APERTUS versteht sich explizit nicht als ChatGPT-Konkurrent, sondern als Plattform für alle, die KI zu eigenen Bedingungen nutzen wollen. Die Schweizer Wissenschaftler*innen stellen bewusst kein fertiges Produkt bereit, sondern ein technisches Fundament zur Weiterentwicklung durch andere.

Diese Philosophie ist mehr als nur Idealismus, denn die Schweiz hat ein reales strukturelles Problem: Silicon Valley und Beijing machen das KI-Rennen unter sich aus, während Europa droht, in der digitalen B-Liga steckenzubleiben. Wer nicht beim Wettrüsten um die grösste KI mithalten kann, muss andere Wege finden, relevant zu bleiben – Apertus könnte einer sein.

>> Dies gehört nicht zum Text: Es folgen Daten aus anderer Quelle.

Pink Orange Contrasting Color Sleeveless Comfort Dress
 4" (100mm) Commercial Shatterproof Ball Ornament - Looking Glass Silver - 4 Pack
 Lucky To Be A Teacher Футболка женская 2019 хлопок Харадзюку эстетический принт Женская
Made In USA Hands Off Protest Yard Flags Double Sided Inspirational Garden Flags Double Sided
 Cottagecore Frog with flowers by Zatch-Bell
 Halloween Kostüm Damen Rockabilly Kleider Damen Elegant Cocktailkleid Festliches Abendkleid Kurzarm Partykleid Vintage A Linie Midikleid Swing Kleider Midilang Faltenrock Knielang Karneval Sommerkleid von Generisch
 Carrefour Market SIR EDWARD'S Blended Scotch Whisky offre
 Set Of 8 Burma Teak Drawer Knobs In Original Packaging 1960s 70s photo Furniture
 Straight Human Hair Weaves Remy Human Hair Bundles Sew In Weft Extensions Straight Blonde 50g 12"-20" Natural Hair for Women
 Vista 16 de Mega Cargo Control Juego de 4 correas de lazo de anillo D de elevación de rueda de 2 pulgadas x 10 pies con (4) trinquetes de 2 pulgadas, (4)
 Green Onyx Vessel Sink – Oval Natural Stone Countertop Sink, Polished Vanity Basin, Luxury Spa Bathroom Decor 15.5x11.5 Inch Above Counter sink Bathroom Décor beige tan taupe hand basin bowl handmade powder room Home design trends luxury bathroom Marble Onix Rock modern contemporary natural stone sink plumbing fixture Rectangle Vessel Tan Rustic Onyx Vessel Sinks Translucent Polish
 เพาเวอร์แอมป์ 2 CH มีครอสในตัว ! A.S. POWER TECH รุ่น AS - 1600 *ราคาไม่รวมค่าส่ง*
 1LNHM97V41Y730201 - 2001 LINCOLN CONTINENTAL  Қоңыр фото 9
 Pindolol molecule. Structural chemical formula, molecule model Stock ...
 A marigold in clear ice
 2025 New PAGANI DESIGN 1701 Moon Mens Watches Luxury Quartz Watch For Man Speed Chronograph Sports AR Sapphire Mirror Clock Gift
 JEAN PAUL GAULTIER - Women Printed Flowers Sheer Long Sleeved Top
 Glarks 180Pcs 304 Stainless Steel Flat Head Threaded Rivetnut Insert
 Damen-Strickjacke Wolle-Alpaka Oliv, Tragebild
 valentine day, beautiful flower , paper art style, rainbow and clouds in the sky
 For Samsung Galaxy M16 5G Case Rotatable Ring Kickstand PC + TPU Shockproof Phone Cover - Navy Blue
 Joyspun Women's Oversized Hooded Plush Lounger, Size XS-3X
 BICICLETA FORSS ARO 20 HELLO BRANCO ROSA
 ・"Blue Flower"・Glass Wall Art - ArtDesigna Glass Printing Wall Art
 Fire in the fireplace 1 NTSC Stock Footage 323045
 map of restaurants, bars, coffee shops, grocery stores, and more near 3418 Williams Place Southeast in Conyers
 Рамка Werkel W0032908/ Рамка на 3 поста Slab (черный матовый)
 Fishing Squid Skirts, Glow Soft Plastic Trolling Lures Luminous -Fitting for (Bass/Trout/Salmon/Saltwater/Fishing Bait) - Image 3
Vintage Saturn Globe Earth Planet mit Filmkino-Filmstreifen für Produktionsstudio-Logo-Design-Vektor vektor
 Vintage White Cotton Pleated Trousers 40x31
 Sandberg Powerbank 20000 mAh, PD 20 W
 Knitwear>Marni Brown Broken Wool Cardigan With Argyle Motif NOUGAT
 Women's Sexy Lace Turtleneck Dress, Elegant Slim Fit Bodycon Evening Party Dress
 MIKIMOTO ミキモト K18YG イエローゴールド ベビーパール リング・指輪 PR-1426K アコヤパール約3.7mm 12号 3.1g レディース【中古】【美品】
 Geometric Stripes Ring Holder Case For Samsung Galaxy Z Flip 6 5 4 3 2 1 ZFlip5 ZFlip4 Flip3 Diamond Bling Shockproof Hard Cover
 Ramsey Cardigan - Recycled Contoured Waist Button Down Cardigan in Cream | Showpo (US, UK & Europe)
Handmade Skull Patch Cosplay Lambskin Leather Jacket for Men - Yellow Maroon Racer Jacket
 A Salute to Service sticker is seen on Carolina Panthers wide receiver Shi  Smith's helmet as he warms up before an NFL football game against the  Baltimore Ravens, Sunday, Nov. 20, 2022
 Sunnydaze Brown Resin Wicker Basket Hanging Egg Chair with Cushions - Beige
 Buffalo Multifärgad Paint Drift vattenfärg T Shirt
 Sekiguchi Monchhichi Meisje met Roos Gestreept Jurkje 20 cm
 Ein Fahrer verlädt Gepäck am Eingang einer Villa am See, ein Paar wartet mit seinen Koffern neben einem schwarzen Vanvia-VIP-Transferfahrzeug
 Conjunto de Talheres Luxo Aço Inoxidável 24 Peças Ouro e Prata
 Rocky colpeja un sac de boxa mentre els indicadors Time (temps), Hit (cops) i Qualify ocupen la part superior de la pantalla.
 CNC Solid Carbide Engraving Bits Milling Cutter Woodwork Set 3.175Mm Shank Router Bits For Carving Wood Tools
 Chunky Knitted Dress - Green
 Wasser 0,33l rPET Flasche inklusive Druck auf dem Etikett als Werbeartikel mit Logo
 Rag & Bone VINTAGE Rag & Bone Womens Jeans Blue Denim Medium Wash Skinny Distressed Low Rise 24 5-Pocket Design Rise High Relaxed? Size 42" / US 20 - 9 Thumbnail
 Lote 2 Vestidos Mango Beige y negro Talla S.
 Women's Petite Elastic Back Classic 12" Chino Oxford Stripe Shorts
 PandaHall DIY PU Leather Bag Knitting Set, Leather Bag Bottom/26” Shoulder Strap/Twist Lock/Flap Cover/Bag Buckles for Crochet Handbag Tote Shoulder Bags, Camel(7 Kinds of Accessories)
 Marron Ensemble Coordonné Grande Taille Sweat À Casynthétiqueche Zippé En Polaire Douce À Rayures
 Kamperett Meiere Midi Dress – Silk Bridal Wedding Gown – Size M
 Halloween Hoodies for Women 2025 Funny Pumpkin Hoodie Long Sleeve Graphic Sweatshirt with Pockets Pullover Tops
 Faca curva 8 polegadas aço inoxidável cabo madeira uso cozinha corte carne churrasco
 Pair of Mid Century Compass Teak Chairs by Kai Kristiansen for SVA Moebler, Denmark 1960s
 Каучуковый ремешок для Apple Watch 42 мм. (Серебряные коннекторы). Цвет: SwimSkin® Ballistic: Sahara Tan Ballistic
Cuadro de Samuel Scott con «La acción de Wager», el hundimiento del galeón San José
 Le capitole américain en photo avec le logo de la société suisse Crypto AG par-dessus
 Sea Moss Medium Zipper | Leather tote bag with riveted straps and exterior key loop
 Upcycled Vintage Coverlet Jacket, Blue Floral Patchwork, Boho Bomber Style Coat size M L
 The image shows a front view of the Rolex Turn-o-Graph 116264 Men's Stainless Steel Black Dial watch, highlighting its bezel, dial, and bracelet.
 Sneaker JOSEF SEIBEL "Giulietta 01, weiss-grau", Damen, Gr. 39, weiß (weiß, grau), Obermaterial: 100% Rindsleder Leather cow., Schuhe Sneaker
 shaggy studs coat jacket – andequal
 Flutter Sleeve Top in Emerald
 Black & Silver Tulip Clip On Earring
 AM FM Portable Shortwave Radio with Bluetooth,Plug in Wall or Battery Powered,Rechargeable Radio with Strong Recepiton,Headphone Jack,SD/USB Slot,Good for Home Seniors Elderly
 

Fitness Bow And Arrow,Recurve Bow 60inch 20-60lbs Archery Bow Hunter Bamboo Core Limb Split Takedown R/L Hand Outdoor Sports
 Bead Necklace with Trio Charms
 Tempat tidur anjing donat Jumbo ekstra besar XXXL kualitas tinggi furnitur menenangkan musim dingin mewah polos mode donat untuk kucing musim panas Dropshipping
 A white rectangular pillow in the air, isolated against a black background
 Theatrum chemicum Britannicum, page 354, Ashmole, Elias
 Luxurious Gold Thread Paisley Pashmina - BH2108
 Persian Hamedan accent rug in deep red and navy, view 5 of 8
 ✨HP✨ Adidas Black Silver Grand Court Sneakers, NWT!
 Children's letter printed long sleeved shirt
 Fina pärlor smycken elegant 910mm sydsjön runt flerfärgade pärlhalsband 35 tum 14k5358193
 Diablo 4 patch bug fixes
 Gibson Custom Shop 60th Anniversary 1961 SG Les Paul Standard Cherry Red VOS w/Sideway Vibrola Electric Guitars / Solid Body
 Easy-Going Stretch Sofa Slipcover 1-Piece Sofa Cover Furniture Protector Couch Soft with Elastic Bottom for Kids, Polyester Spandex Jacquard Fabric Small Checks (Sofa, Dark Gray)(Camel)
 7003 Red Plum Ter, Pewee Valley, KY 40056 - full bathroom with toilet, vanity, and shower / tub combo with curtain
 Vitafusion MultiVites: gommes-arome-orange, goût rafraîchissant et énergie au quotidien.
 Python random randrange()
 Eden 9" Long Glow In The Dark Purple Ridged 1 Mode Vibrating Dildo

Kollaboration statt Monopolisierung

Die technischen Daten sind beeindruckend: 4096 GH200-GPUs, 15 Billionen Trainingstokens, über 1000 Sprachen. Das neue xIELU-Aktivierungsverfahren und der AdEMAMix-Optimierer sind Eigenentwicklungen der Schweizer Teams.

Der entscheidende Unterschied aus unserer Perspektive ist jedoch ein anderer: 40 Prozent der Trainingsdaten von APERTUS sind nicht-englischsprachig. Eine bewusste Absage an die anglophone Dominanz der KI-Welt – und ein direkter Angriff auf eines der grössten Probleme beim täglichen Arbeiten mit KI.

Sprache als Schlüssel

Hier wird APERTUS für Praktiker interessant: Das Modell spricht Schweizerdeutsch und Rätoromanisch. Für Schweizer bedeutet das: keine Umwege mehr über Hochdeutsch oder Englisch, weniger kulturelle Übersetzungsverluste.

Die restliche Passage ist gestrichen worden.